July 18th, 2011 . by economistmom

NPR’s Frank James reports on two recent polls that cast doubt on the popularity of the Republicans’ position:

A new CBS News poll suggests that while none of the Washington political players gets the approval of a majority of voters for how policymakers are handling the debt-ceiling debate, congressional Republicans fare the worst.

The survey found only 21 percent of respondents approved of the actions of congressional Republicans while 71 percent disapproved.

That compares with President Obama’s approval-disapproval ratings of 43 percent versus 48 percent.

For the record, congressional Democrats’ approval-disapproval numbers were 31 percent versus 58 percent.

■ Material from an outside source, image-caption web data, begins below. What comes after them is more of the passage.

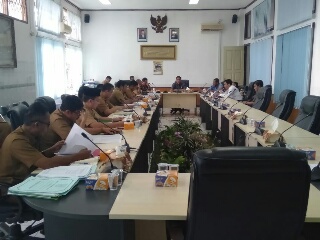 Kritisi Proyek 2019, Komisi III Hearing Pemkab Kuansing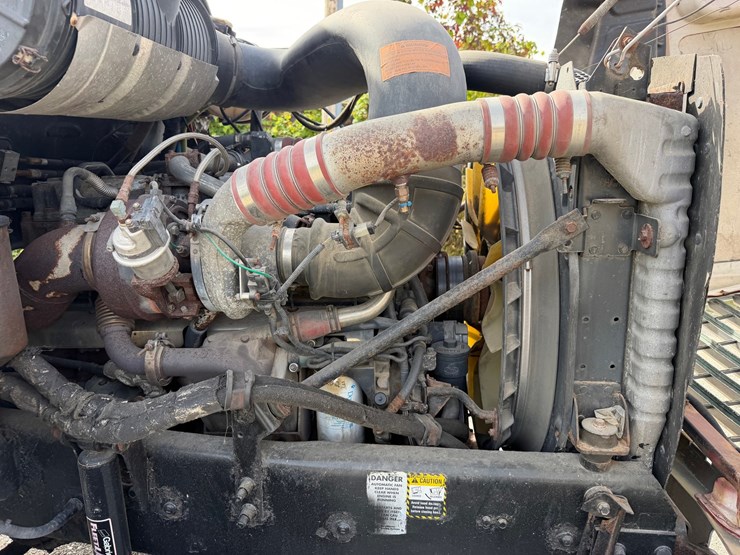 #1625-•-2006-mack-vision-cxn613-day-cab-image-50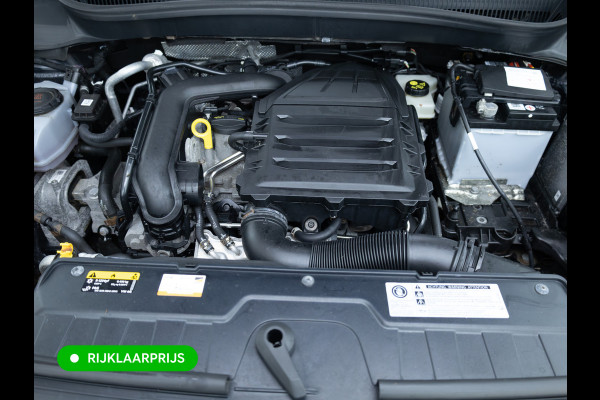 Volkswagen T-Cross 1.0 TSI Style | Stoelverwarming | Adaptive cruise | Camera | Side-assist | Climate control | All-season, Apple carplay/Android auto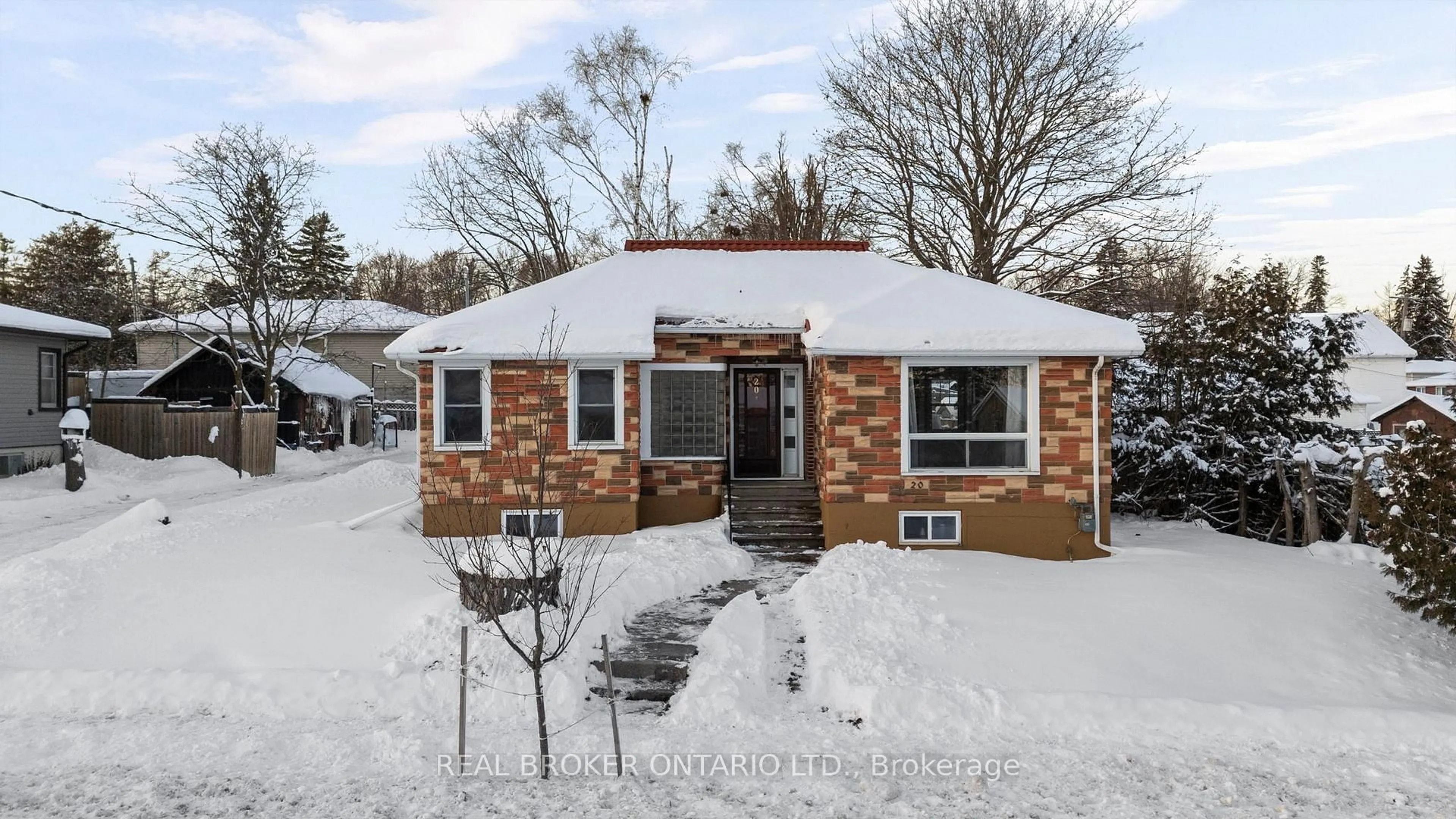 Home with brick exterior material, street for 20 Rose Ave, Orillia Ontario L3V 2N5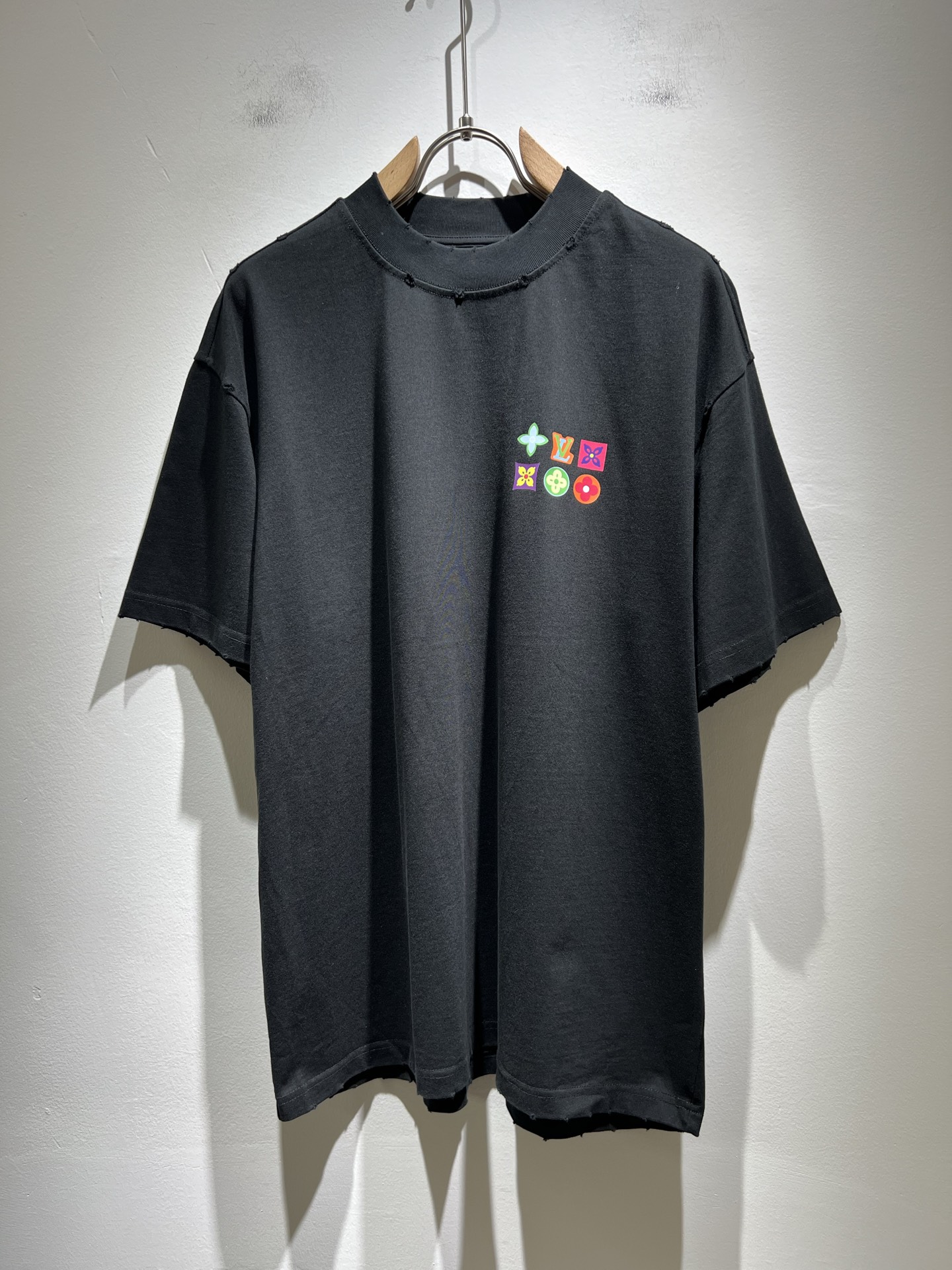 NO:162243,LouisVuitt*Louis*Deng The new series of spring and summer 2025 products are launched, a very fashionable and avant-garde short-sleeved T-shirt for men and women, with logo logo pattern and printing decoration!  Different from the past, it declares the design concept that has been passed down for many years in the brand!  Its eye-catchingness is no less than any classic style, perfectly presenting the fashionable, high-end and luxurious feeling in front of the world!  Made of imported 280 grams of cotton, selected high-quality pure cotton fabrics, soft and soft to the touch, the real thing is definitely beyond your imagination, close to the body and breathable, even if you sweat profusely, you will not feel greasy or stuffy, and will bring sweating and moisture absorption to the extreme!  Size M-3XL, louis vuitton,louis vuitton,t-shirt,tees,t-shirt,alexander wang19860909LouisVuitt*路易*登 2025春夏全新系列单品上线,非常时髦前卫的一款男女同款短袖T恤,标识logo图案印花修饰！区别于以往的不同,宣示品牌传承多年的设计理念！其吸睛度完全不亚于任何经典款式,将时髦高级感与奢华感完美呈现在世人眼前！客供进口280克全棉材质制成,精选优质纯棉面料,触感软糯亲肤细腻,实物到手绝对超乎你的想象,贴身无比舒适透气,即便是汗流浃背也不会有腻身及闷热感可言,将排汗吸湿性发挥到了极致！尺码M-3XL,,louis vuitton,louis vuitton,T-shirt,tees，t-shirt,alexander wang,Men's clothing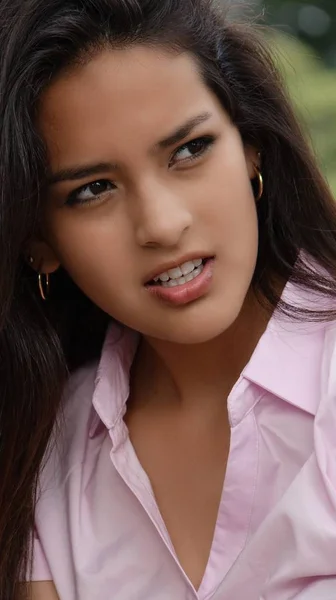 Une Adolescente Hispanique — Photo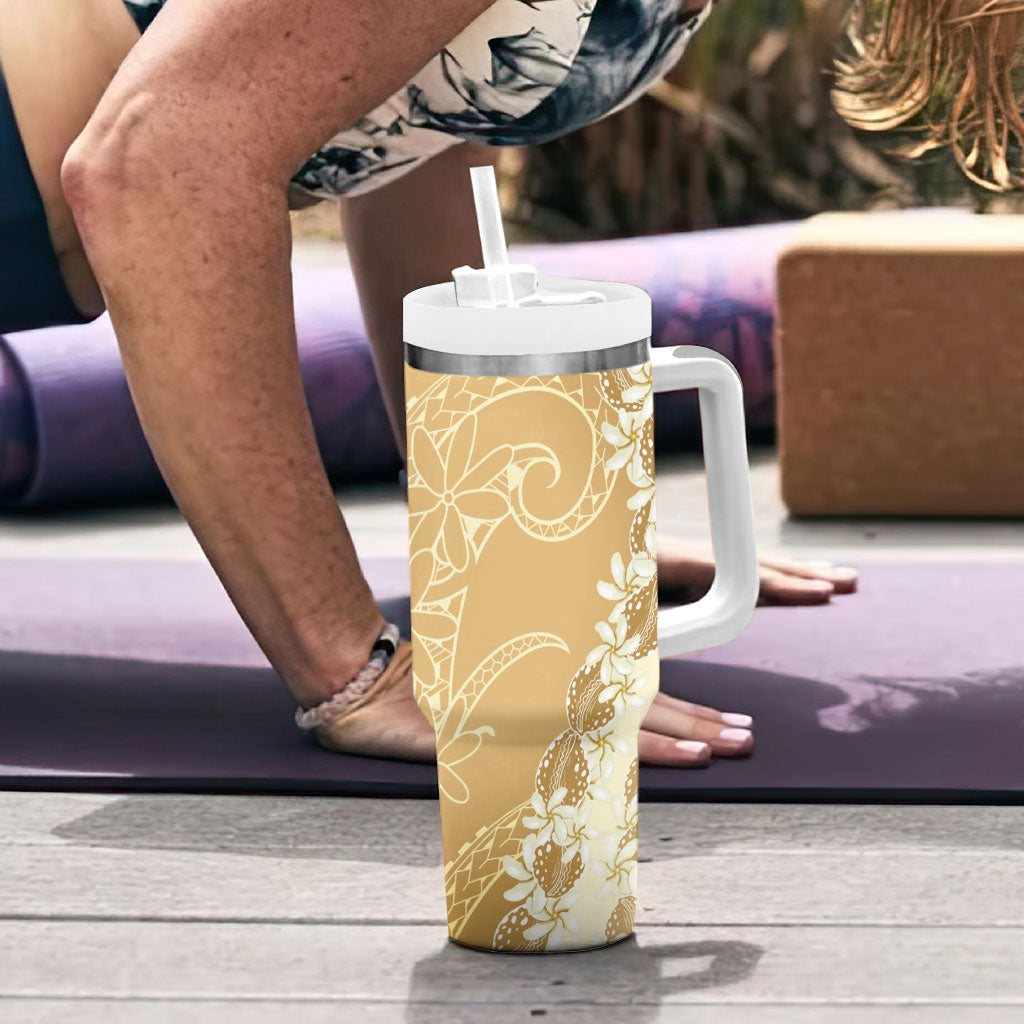 Heiva i Tahiti Tumbler With Handle Tahitian Tiare Maori Cowrie Lei Brown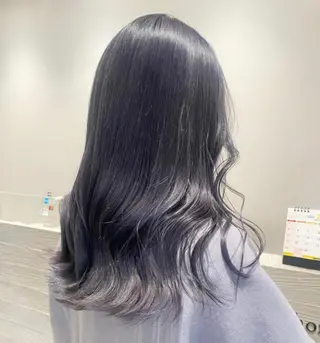 ロング カラー サキ🤍ハイトーン 🩰くびれ巻きヘアのヘアスタイル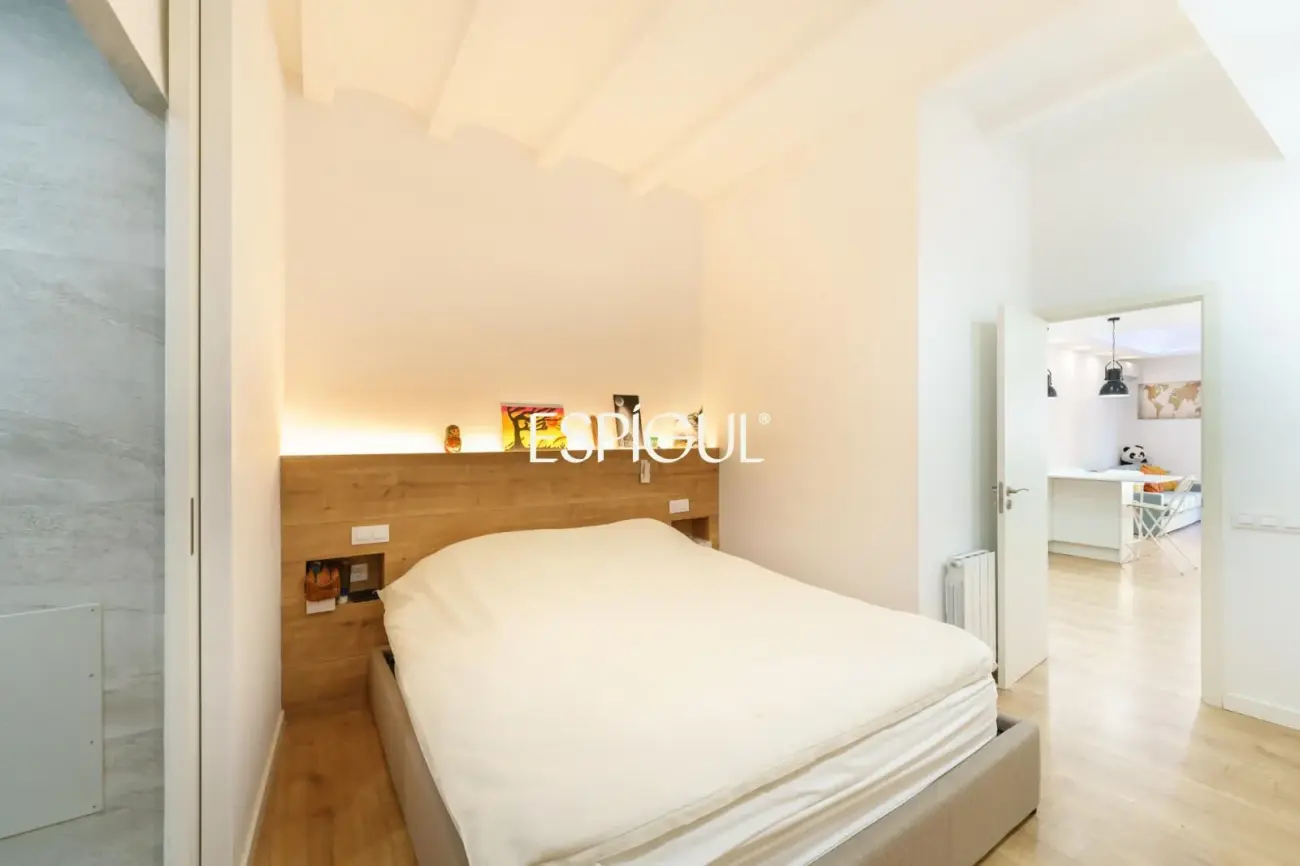 Renovated apartment with balcony in a period building in Sant Antoni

The CBS News survey lined up with a recent Gallup Poll that suggested that more voters support Obama’s position that deficit reduction be achieved through a combination of tax revenue boosts and spending cuts instead of just spending cuts alone, which is the current Republican position in the debt-discussions.

The Center on Budget and Policy Priorities’ Bob Greenstein here explains the implications of the Republican “Cut, Cap, and Balance” proposal that the House will take up on Tuesday.   He makes this key point about the degree to which spending would have to be constrained under the proposal (emphasis added):

The “Cut, Cap & Balance” measure cites three constitutional balanced-budget amendments (H.J. Res 1, S.J. Res 10, and H.J. Res 56) and states that Congress must approve one of them or a similar measure before the debt limit can be raised.  All three of the cited proposals would require cuts deeper than those in the Ryan budget. All three measures would establish a constitutional requirement that total federal expenditures may not exceed 18 percent of GDP, and all three would essentially require that the budget be balanced within the coming decade.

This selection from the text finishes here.